Read an Excerpt
FROM THE INTRODUCTION
The seasons are both segments of time and states of mind. Though ourword ‘‘season’’ derives from the Latin for ‘‘sowing’’ and refers thereby only to spring, every culture has had terms – whether winter and summer, or rainy and dry – for the sequence of great climatic changes by which the world transforms itself every year. But it’s more than what is going on outside. Our hearts have seasons as well. Mostly, we call them moods, and we lay our plans by their accustomed recurrences. We recall the crucial moments in our lives by the weather that still swirls around them in memory. Weddings and family reunions, getaways and homecomings are most often scheduled by the season. Yes, we have urgent appointments and traditional holidays, our deadlines and habits. But our bodies and their tides of desire seem to move more slowly, and are governed by the larger, more dramatic and decisive movements of the sun itself – the arrival of light and the opulence of warmth, then their slow fading and cold withdrawal. Aren’t, in fact, the seasons like the stages of a love affair?

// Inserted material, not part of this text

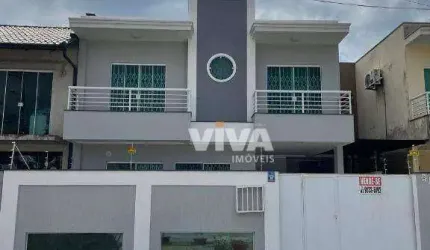 Excelente sobrado no centro de Navegantes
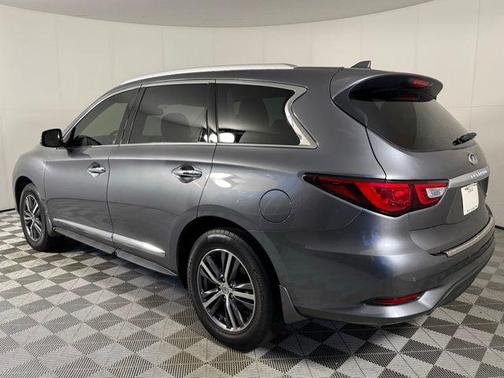 2017 INFINITI QX60 Base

This is where the poets come in. They are enthusiasts and brooders. Love and death are their stock-in-trade. But first of all, they are observers. A strong imagination begins with a keen eye. The poet is interested in both the detail and the scheme, in both the streak on the tulip and the nature of beauty which the flower represents. This is why the seasons have, down the centuries, had a special appeal for poets. (It’s interesting though obvious to note that modern poets from England and especially from New England, where weather patterns are more extreme, are more likely to write about the seasons than poets from more steadily temperate parts.) This book is a virtual anthology of small details, because the seasons invite us to catalogue the terms of our love for the world. It takes hours of observation to get the tiniest half-line right that describes, say, the precise shade of a bird’s wing in flight. And such details are then the starting-point of metaphor. We can’t see anything exactly as it is unless we first see it as something else.